Nomore, what has options expiry got to do with someone dumping 11 million shares in KZL??????

That's no correlation to KZL??


----------



## nomore4s (19 December 2009)

*Re: KZL - Kagara Zinc*



lioness said:


> Nomore, what has options expiry got to do with someone dumping 11 million shares in KZL??????
> 
> That's no correlation to KZL??




lioness how about you read the quoted text in my post, I was replying to satanoperca saying volumes on the XAO/XJO had jumped in the last 2 days.

And also while not 100% sure because I don't have access to the data, for someone to be "dumping" 11 million shares on the close someone has to be buying them and there is no way there would normally be that much depth in the queue on close for KZL, so it has to be some sort of prearranged trade.
Considering that 15.84million shares were traded for the day and 11mill came at the close I would hazard a guess that only 5-6million of that was true volume - the other 10mill were some sort of cross trade or something.


----------



## lioness (19 December 2009)

*Re: KZL - Kagara Zinc*



nomore4s said:


> lioness how about you read the quoted text in my post, I was replying to satanoperca saying volumes on the XAO/XJO had jumped in the last 2 days.
> 
> And also while not 100% sure because I don't have access to the data, for someone to be "dumping" 11 million shares on the close someone has to be buying them and there is no way there would normally be that much depth in the queue on close for KZL, so it has to be some sort of prearranged trade.
> Considering that 15.84million shares were traded for the day and 11mill came at the close I would hazard a guess that only 5-6million of that was true volume - the other 10mill were some sort of cross trade or something.




Yes, apologies nomore.

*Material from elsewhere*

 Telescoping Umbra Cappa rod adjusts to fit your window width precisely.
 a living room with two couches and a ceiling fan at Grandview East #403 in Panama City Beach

You are right, it was a cross trade but I suspect more weakness coming as the depth still has many sellers in the millions waiting to exit. Monday will point to a true picture.


----------



## ectoplasm (4 January 2010)

*Re: KZL - Kagara Zinc*

Hi lioness,

Not much chatter on the KZL thread over new year. I think that high volume day (on the 18/12) was a key reversal day, and if Ni bounces off the support then KZL is in the early stage of breaking out (yes bit to early to call but that is life). Some fundamental news would assist the breakout

Two charts below:
1. Daily KZL - showing resistance @ $1.15. 

2. KITCO's Spot Ni price


----------



## lioness (4 January 2010)

*Re: KZL - Kagara Zinc*



ectoplasm said:


> Hi lioness,
> 
> Not much chatter on the KZL thread over new year. I think that high volume day (on the 18/12) was a key reversal day, and if Ni bounces off the support then KZL is in the early stage of breaking out (yes bit to early to call but that is life). Some fundamental news would assist the breakout
> 
> ...




Hi Ecto,

I have been watching this closely for the last 3 weeks and someone is definitely in there absorbing and manipulating. Reckon it is someone big as they throw around large shares, they must be waiting for the Mungana IPO which must be close now. January is strong for stocks and with Zinc and NI starting to surge, we should see 1.15 broken with 1.60 the target. I am waiting for the $2 target before thinking about selling. With China surging, KZL should be worth much more by end of 2010. I am amazed it is so cheap still.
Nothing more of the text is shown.